Coming Together to Care for Creation
By Ben Lowe
InterVarsity Press, 2009, $15.00
Bill McKibben, author of Deep Economy and a leader in the worldwide movement to save our planet from the ravages of climate change, has called Ben Lowe’s book “the book we need.” In its call to Christians to take up the yoke and attitude of Jesus toward caring for creation, it fills what had become a gaping chasm between the seriousness of the degradation of the natural environment and the attitudes of Christians toward their role as stewards of God’s creation.
Lowe takes Christians to task for their lack of concern for the environment and for ignoring what it really means to be a follower of Christ and member of a large family of beings who share a planetary home. “In many ways, the world tempts us to pursue blissfully ignorant lives of comfort, safety, and security for ourselves. There is very little in what Jesus teaches or models that affirms these goals, however. Instead, we are more often called to lives of intentional community, meaningful service, and joyful sacrifice for Christ and our neighbors. This has implications for all aspects of our lives.”

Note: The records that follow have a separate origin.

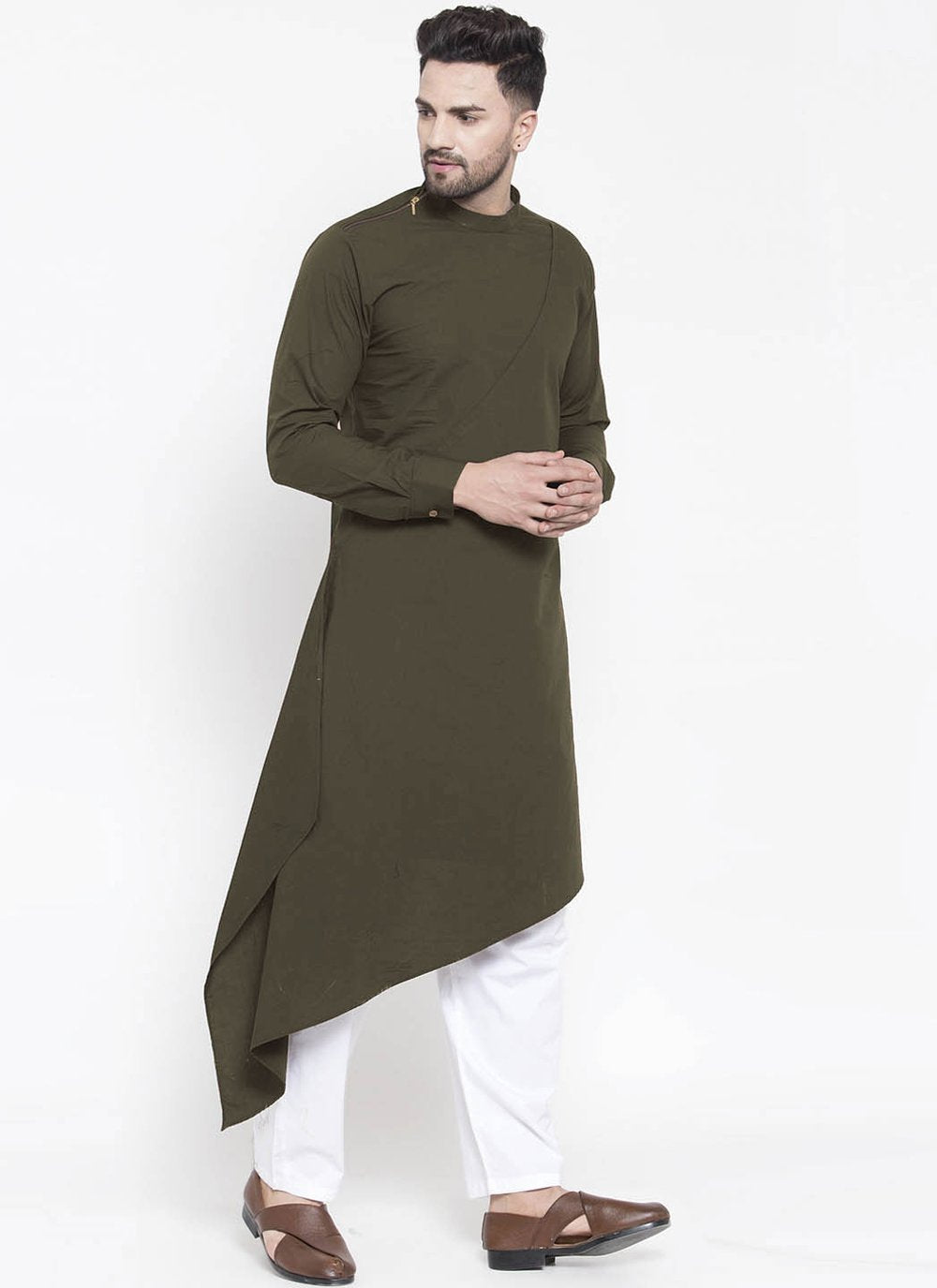 Indo Western Blended Cotton Green Plain Mens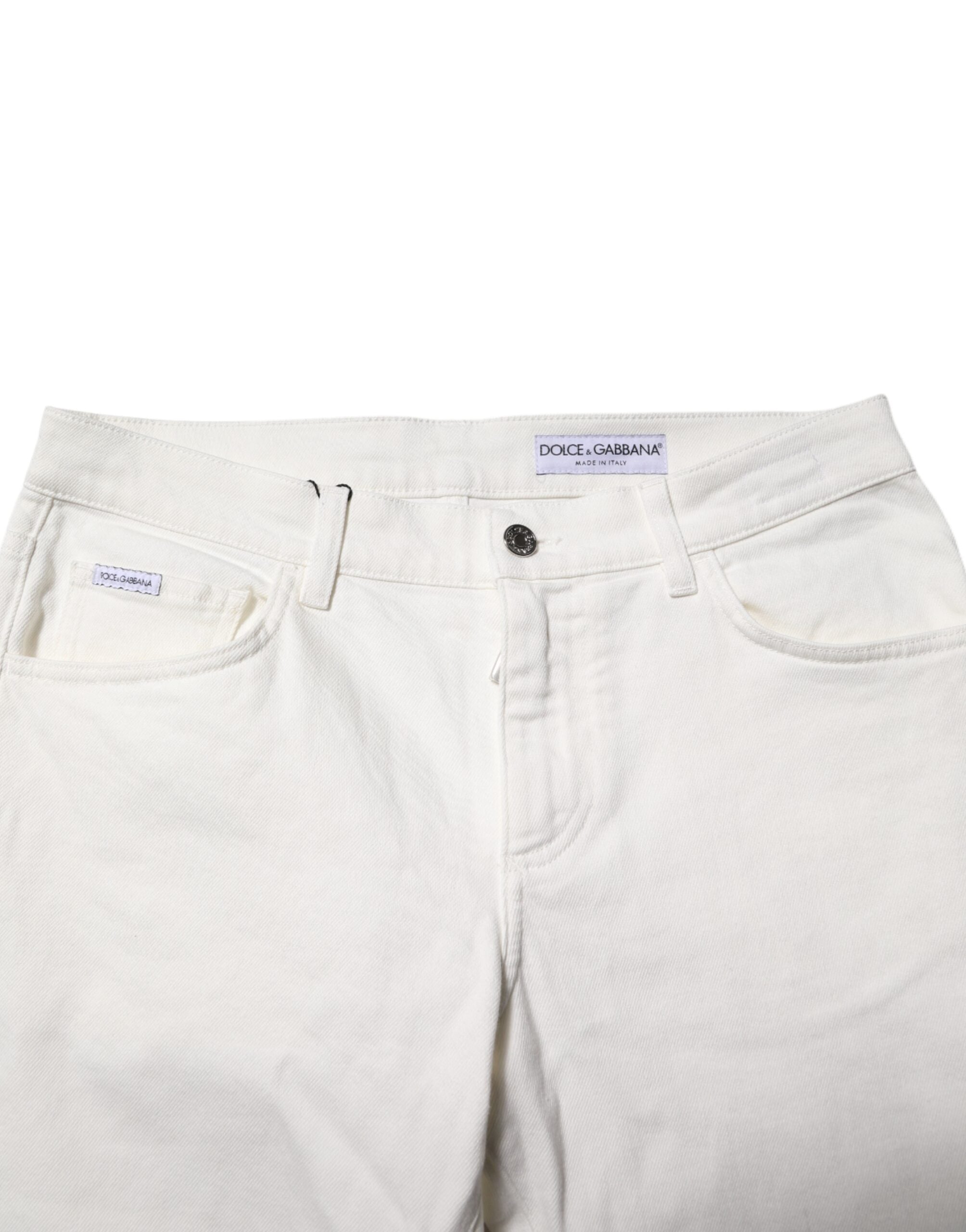 Off White Cotton Stretch Slim Fit Denim Jeans
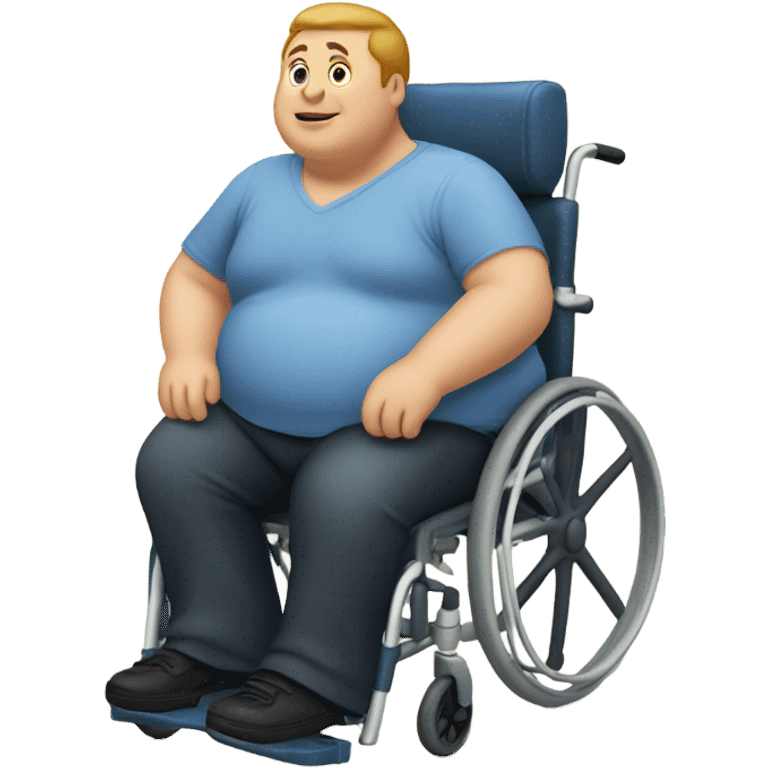 Fat guy on wheelchair emoji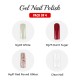 Free Shipping Ebo Gel Nail Polish Long Lasting Gel Set 4 color White,  Burnt Sugar, Red Round Glitter & Top Coat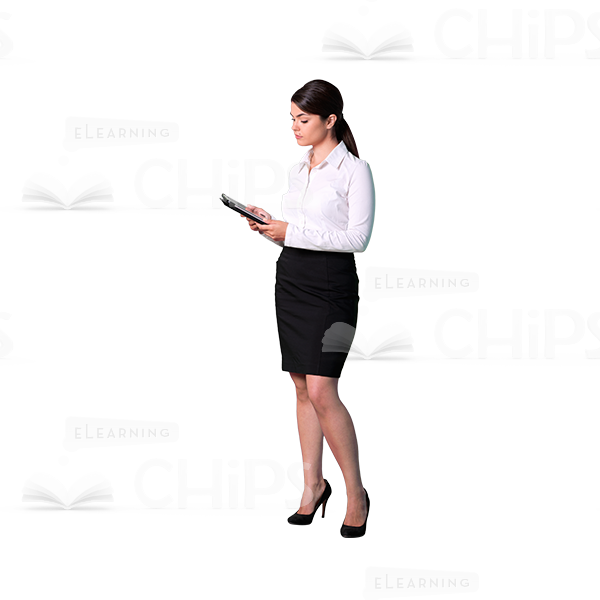 Focused young woman with tablet cutout image-0 Focused young woman with tablet cutout image-0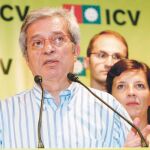 Saura, ayer, tras la reunión del consejo nacional de ICV, que se celebró en Sant Adrià del Besòs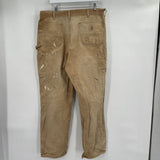 men Carhartt Trashed Utility Khaki Jeans 38x34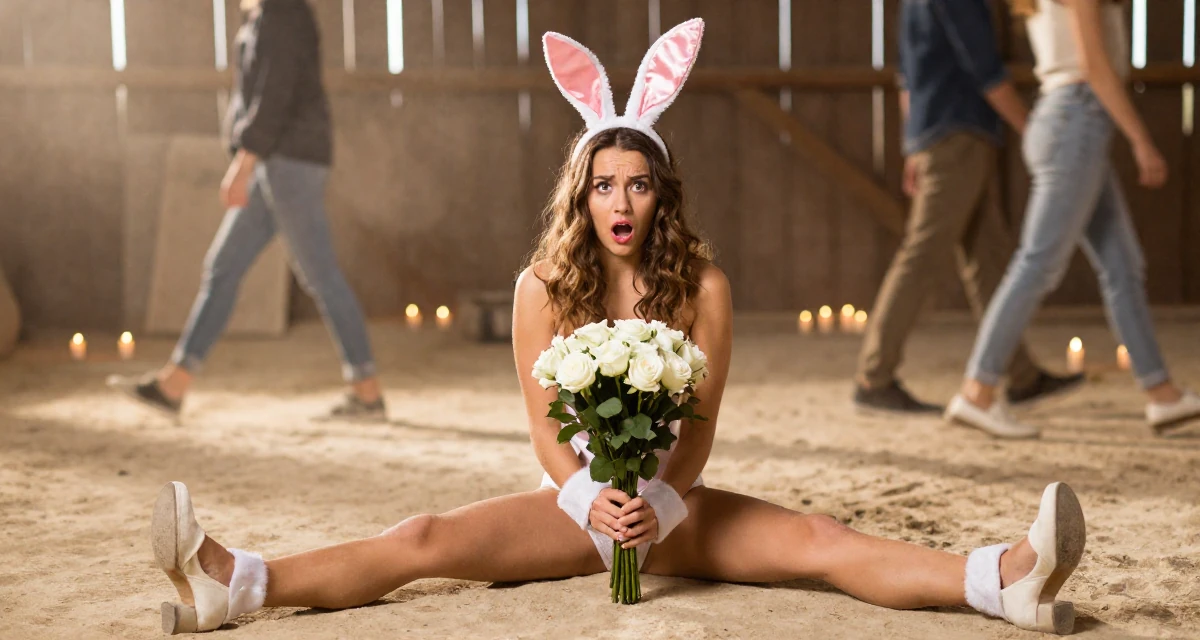 A anxious but excited Female From Poland, majored in international relations in their 22, preparing for upcoming graduation requirements, wearing a playful bunny girl costume with satin ears and cuffs, holding a bouquet in a barn interior.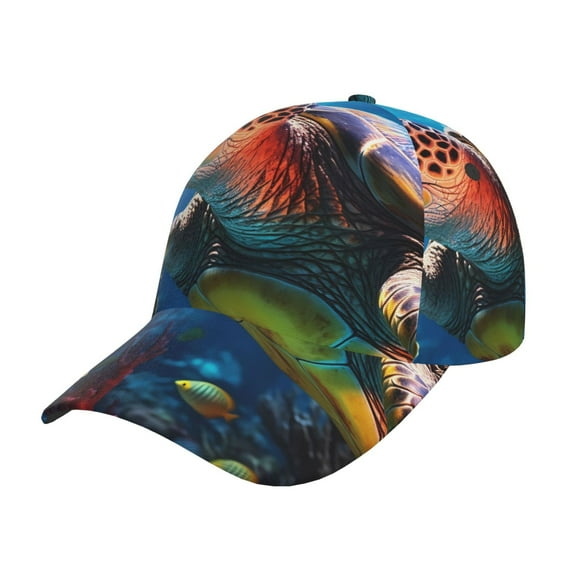 Rateoe Ice Blue Ocean Sea Turtle Pattern Baseball Cap Outdoor Cap Mountain Dad Hat - Unstructured Soft Cotton Cap-Adjustable UV Protection Cap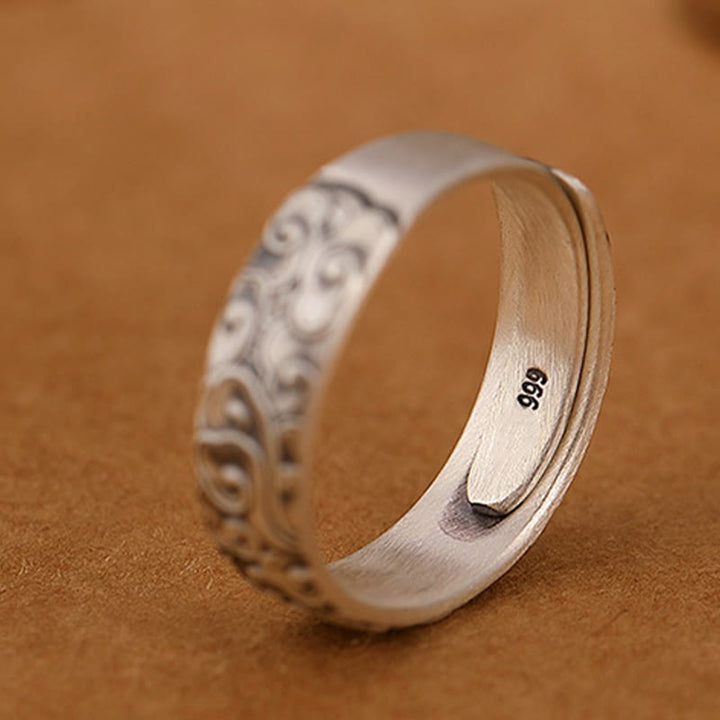 Anillo de iluminación grabado con Buddha Stones de plata de ley 999, flor de loto, flor de ciruelo, nubes auspiciosas - image 11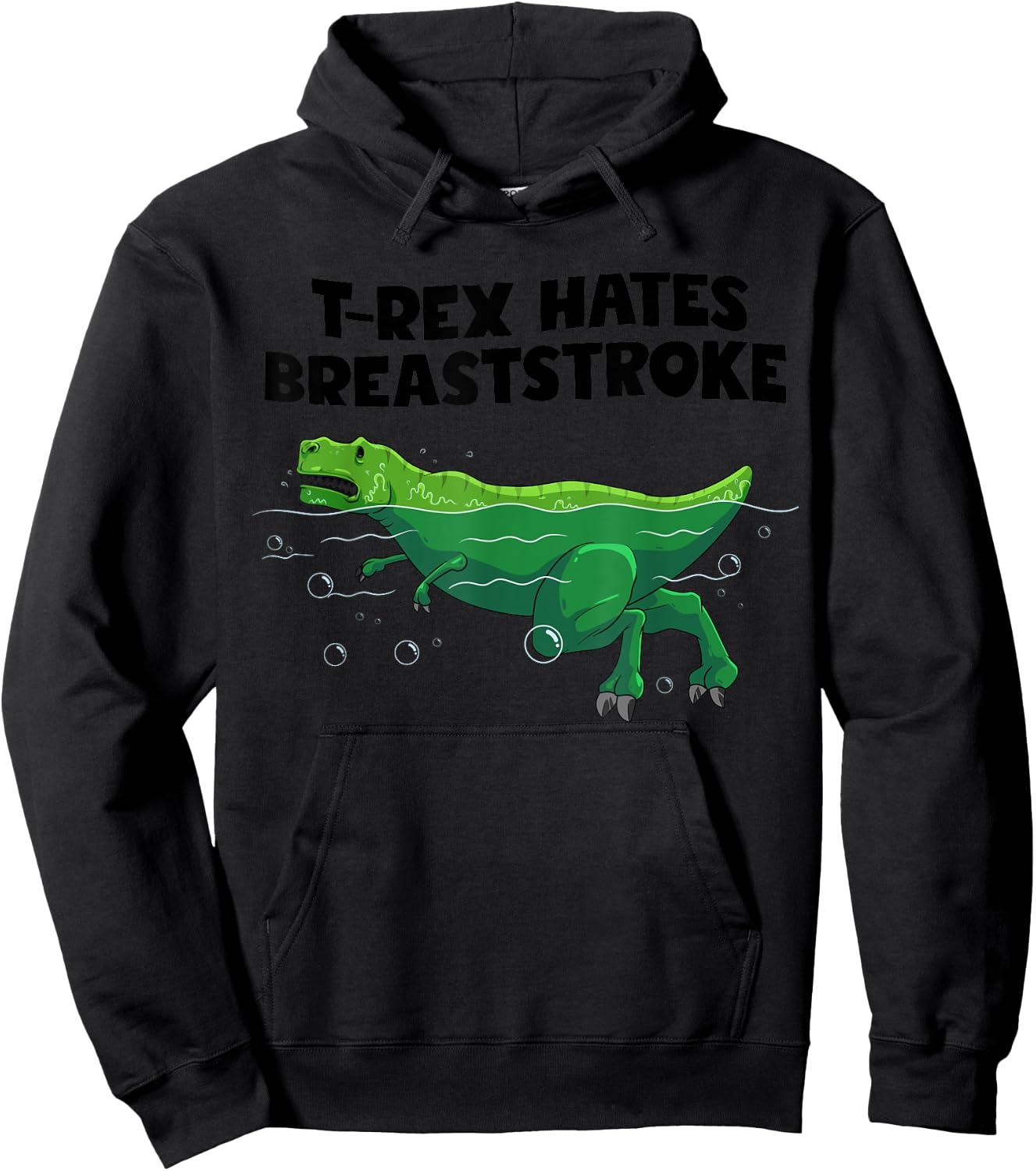 Funny T-Rex Gift Men Women Cool Dino Swimming Breaststroke Hoodie - Hoodie | Black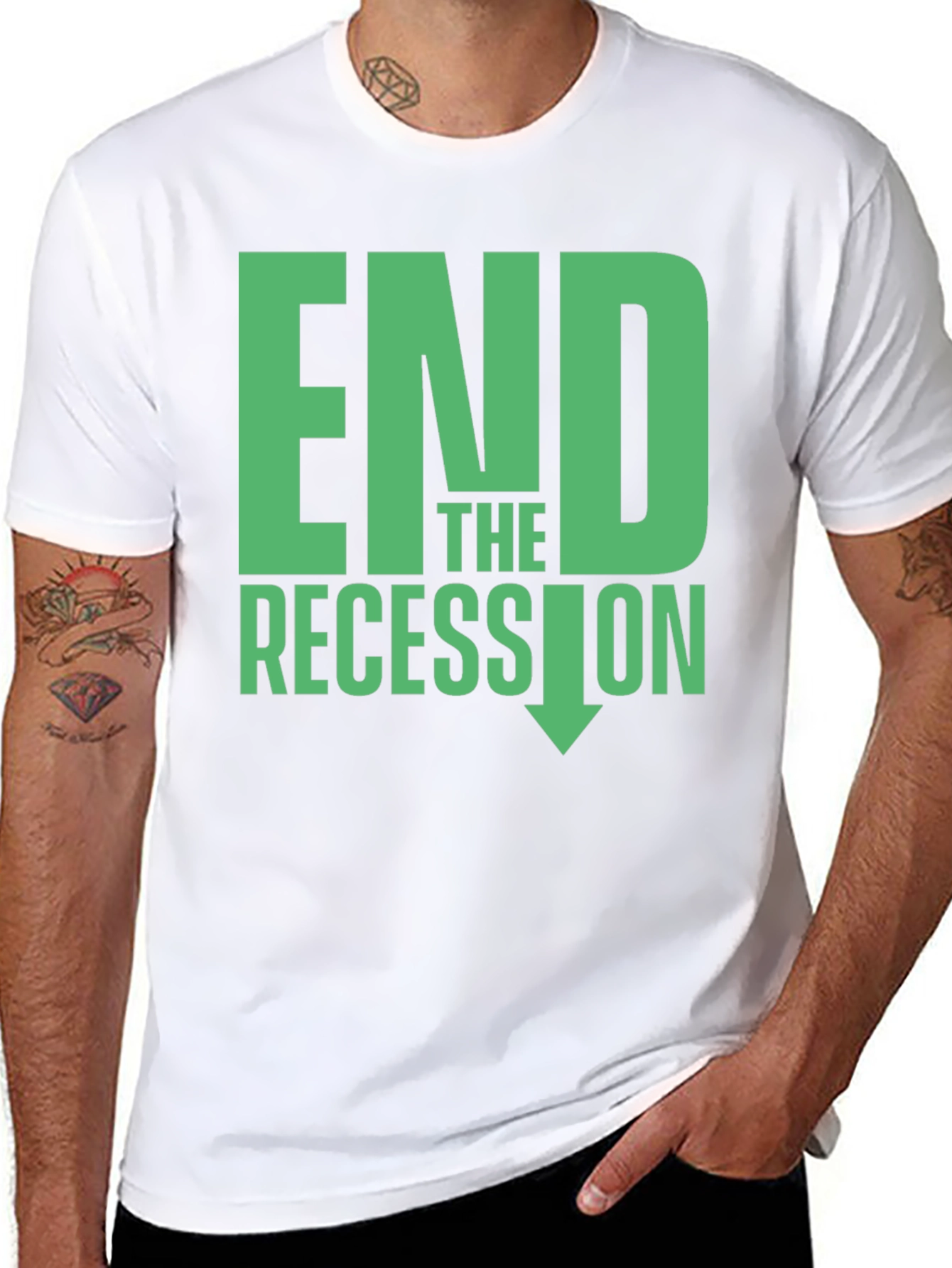 Black End the Recession Graphic T-Shirt view 8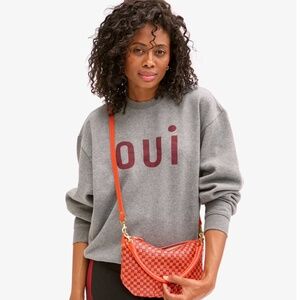 Clare V Oversized Sweatshirt Grey Melange with Bordeaux Oui NWT/Brand New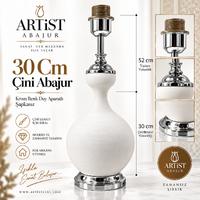 30 cm Çini Abajur – Krom Renk Duy Aparatlı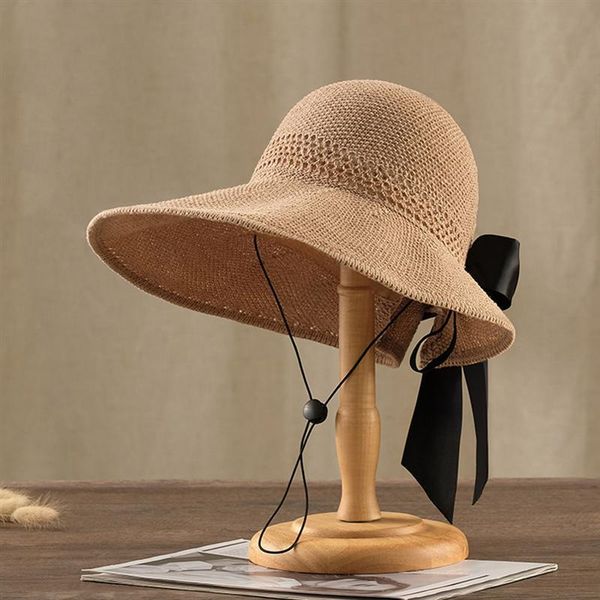 

wide brim hats foldable sun bowknot beach hat creative delicate compact, Blue;gray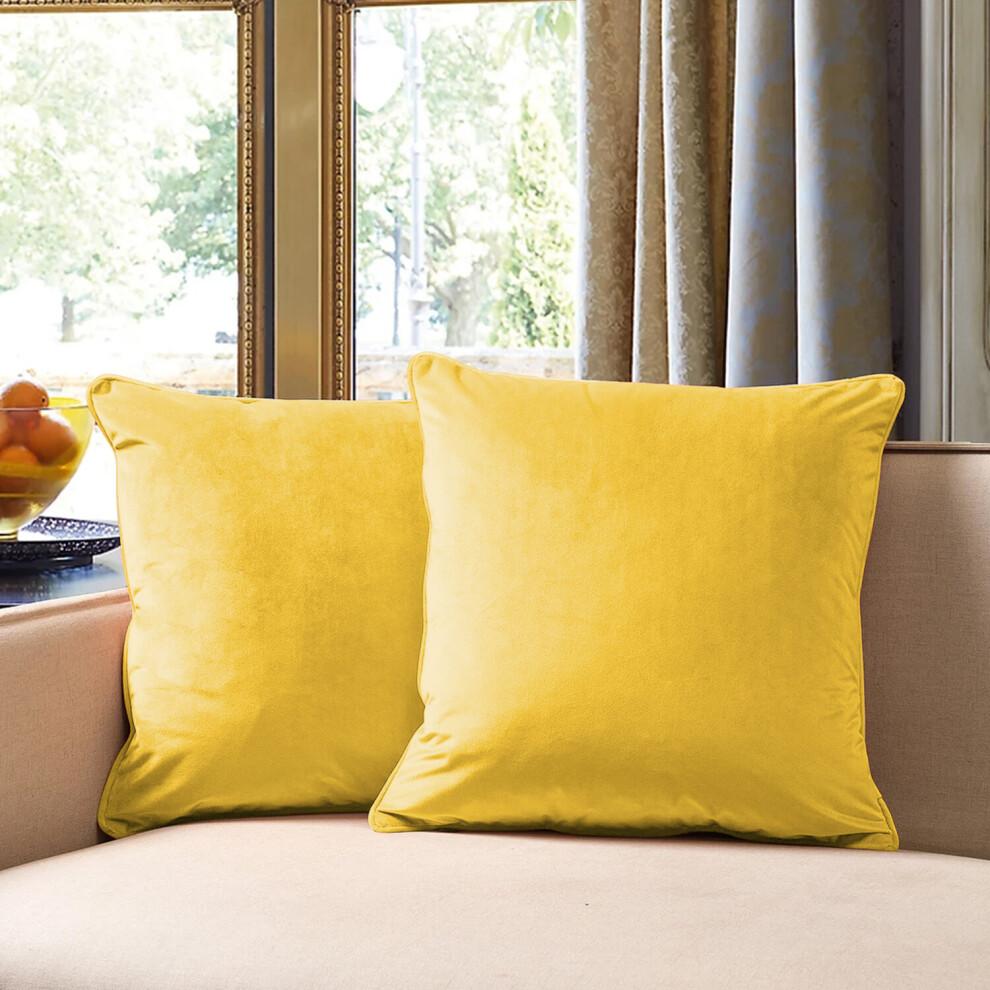 (Ochre, 2 x Cushion Cover) Crushed Velvet Cushion Covers Luxury Plush Plain Soft Sofa Cushion Covers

Lowe suggests that the first step in assuming responsibility is to remove the layers of insulation with which most of us have surrounded ourselves and to become aware of the impact that our striving for comfort and convenience has on the environment and on others. Once the facts are known, he says, we never again can claim ignorance, and our way of being in the world will begin to change — our addiction to consumption will be healed.
With reference to the American Dream, Lowe states, “God has given us another, better dream to strive for” — that of the coming of the kingdom of God in all its fullness. He shares with readers his belief that we can “tackle environmental crises without being overwhelmed, because we know that our success lies in God, and that it is secure.”
Lowe is the coordinator of Renewal, a grassroots network committed to equipping students with tools for the compassionate stewardship of God’s creation. He was active in campus and church mobilization efforts as director of outreach for A Rocha USA and has a degree in environmental studies from Wheaton College in Illinois.